El pasado 26 de abril falleció el P. José Antonio Sayés y su legado nos invita a la reflexión para garantizar, además de que sus aportes sigan siendo conocidos, un buen relevo generacional porque el hueco que deja no será fácil de llenar. A diferencia del P. Jorge Loring S.J., a quien tuve el gusto de saludar personalmente en 2007 en el aeropuerto de la Ciudad de México, no conocí ni a Sayés ni a Carreira, pero soy de esos jóvenes-adultos que los descubrieron a través de sus videos en YouTube.

Vivimos en un contexto en el que los jóvenes (y no pocos adultos) tienen muchas dudas sobre la fe y no encuentran tan fácilmente personas que se las puedan responder de forma clara, amena, cercana, equilibrada y fiel.

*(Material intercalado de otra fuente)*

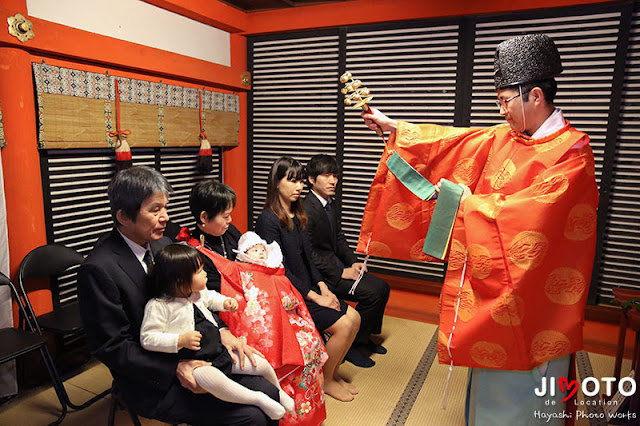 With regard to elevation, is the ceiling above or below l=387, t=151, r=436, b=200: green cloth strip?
above

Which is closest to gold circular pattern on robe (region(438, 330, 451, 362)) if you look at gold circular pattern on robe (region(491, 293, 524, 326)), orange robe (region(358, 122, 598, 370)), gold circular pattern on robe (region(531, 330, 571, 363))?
orange robe (region(358, 122, 598, 370))

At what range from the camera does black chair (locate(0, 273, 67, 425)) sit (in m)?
2.29

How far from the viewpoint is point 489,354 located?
179cm

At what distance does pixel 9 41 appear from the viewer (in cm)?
256

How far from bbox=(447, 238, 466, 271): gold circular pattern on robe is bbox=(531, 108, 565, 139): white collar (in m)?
0.57

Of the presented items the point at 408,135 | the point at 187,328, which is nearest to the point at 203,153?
the point at 408,135

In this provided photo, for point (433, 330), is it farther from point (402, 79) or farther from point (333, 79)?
point (333, 79)

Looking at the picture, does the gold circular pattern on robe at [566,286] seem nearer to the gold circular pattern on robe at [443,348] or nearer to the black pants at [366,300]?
the gold circular pattern on robe at [443,348]

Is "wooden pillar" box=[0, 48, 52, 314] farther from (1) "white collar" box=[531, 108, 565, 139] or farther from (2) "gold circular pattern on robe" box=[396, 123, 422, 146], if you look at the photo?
(1) "white collar" box=[531, 108, 565, 139]

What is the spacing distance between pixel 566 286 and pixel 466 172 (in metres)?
0.69

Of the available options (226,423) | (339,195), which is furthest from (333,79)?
(226,423)

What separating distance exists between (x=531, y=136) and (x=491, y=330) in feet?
2.82

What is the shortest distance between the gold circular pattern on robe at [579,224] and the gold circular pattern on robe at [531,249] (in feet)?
0.40

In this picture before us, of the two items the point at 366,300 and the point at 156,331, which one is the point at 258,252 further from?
the point at 366,300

Lo que me lleva a pensar que nos toca formar un relevo generacional que ocupe las vacantes de Loring, Carreira y Sayés. Nunca en el sentido de generar fotocopias, porque cada época necesita de sus propias personalidades con la debida dosis de originalidad, pero reconociendo que hay elementos que no cambian como, por ejemplo, la fe, el amor a la Iglesia, la apertura a la razón, la cultura, el compromiso con los sectores vulnerables, etc. Aspectos de los que dichos sacerdotes estaban sobrados.

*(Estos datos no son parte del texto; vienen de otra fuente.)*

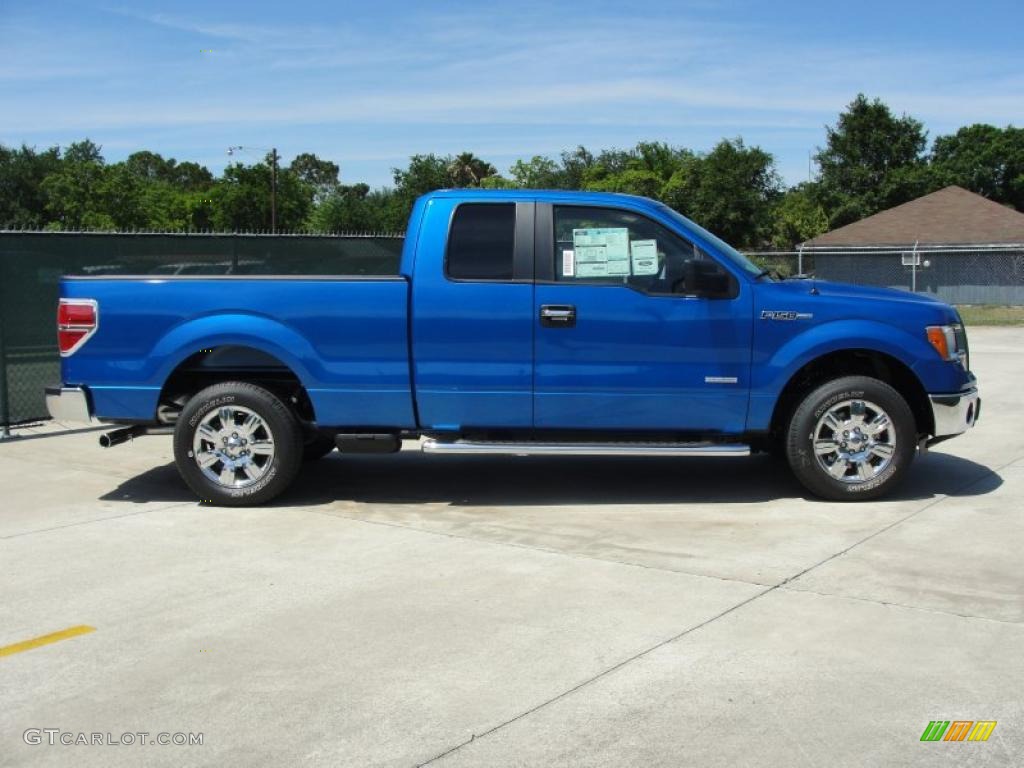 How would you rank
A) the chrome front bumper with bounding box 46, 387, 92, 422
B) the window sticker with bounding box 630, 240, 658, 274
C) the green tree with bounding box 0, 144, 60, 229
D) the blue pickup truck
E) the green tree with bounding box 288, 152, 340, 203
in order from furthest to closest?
the green tree with bounding box 288, 152, 340, 203
the green tree with bounding box 0, 144, 60, 229
the chrome front bumper with bounding box 46, 387, 92, 422
the window sticker with bounding box 630, 240, 658, 274
the blue pickup truck

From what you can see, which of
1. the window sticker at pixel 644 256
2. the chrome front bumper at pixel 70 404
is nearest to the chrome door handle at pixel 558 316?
the window sticker at pixel 644 256

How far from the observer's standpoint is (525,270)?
280 inches

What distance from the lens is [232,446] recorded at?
7297mm

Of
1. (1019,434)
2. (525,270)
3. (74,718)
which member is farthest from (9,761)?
(1019,434)

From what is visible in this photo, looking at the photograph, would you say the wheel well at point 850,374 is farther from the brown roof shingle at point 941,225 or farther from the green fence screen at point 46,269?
the brown roof shingle at point 941,225

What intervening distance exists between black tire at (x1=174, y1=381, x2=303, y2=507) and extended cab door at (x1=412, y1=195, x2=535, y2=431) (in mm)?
956

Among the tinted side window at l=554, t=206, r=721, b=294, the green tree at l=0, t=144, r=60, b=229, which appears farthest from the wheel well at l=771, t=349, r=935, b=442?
the green tree at l=0, t=144, r=60, b=229

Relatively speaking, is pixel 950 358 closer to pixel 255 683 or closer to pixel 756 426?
pixel 756 426

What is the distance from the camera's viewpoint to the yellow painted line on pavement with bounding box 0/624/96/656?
4686 millimetres

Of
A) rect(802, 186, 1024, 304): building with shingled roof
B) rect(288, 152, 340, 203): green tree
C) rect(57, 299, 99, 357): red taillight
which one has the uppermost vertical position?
rect(288, 152, 340, 203): green tree

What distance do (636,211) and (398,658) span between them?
3.80 m

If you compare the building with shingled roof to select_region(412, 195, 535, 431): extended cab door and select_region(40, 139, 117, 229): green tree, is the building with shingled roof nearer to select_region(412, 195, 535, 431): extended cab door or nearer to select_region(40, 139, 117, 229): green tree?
select_region(412, 195, 535, 431): extended cab door

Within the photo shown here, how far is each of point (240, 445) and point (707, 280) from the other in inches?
134

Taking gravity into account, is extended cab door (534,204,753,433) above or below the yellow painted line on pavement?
above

Necesitamos una nueva generación de sacerdotes, religiosos, religiosas y laicos que sepan vivir y transmitir la fe. Perfiles que sean “muy maestros”, como decimos en México. Por eso, vale la pena preguntarse, ¿de qué estaban hechos Sayés y compañía? Ese tipo de personalidades no nace por generación espontánea. Sin duda, se tienen que dar varios ingredientes y debemos cuestionarnos si con la pastoral actual lo estamos favoreciendo o no. Es verdad que la Iglesia necesita diferentes tipos de personas, métodos de evangelización, estilos y modos, pero la parte intelectual y docente no puede faltar. A veces, uno tiene la impresión de que la pastoral con los jóvenes se reduce a un dibujo, un micro tema y un exceso de dinámicas de integración, cuando, en realidad, se necesita una comunidad que sirva de trampolín para insertarse en el mundo de hoy como bautizados comprometidos. Es decir, un grupo en el que se puedan compartir la formación (sólida y, por lo tanto, libre de complejos o confusiones), la oración, el apostolado y la convivencia, de modo que puedan suscitarse nuevas vocaciones y, con el tiempo, maestros(as) de espiritualidad.

Habrá el que diga “que ya no hay de esos perfiles”, pero el que esto escribe piensa en positivo y tiene la certeza de que si formamos maestros de espiritualidad los habrá también para el siglo XXI. ¡Manos a la obra!